> What is needed
Transcribe exactly the span of lines that begins the records and ends with the line holding "NAO by Lladró", both boundary lines included.

(Caption-style text data)
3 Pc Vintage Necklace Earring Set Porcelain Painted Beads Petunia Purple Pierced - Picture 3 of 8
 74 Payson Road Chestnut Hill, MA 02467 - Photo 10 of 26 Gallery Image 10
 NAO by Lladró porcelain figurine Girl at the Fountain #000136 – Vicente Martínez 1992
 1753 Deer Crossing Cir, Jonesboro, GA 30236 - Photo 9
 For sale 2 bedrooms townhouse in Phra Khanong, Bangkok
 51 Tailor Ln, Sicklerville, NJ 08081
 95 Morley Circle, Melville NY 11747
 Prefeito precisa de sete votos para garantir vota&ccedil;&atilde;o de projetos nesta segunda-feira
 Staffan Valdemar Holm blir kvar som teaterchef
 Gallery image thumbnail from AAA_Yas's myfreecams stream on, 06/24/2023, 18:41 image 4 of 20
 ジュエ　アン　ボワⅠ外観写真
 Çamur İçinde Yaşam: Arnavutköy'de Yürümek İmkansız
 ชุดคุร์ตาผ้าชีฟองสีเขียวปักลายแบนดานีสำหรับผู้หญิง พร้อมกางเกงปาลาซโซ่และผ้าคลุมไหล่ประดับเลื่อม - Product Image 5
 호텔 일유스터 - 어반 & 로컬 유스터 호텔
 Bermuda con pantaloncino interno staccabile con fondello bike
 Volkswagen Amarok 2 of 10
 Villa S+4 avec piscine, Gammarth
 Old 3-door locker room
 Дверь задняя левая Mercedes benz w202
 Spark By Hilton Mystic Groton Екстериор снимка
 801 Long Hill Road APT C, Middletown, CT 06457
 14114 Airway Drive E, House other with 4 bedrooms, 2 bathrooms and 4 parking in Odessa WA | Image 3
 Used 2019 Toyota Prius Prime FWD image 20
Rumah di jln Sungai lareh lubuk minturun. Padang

> Completed task
3 Pc Vintage Necklace Earring Set Porcelain Painted Beads Petunia Purple Pierced - Picture 3 of 8
 74 Payson Road Chestnut Hill, MA 02467 - Photo 10 of 26 Gallery Image 10
 NAO by Lladró porcelain figurine Girl at the Fountain #000136 – Vicente Martínez 1992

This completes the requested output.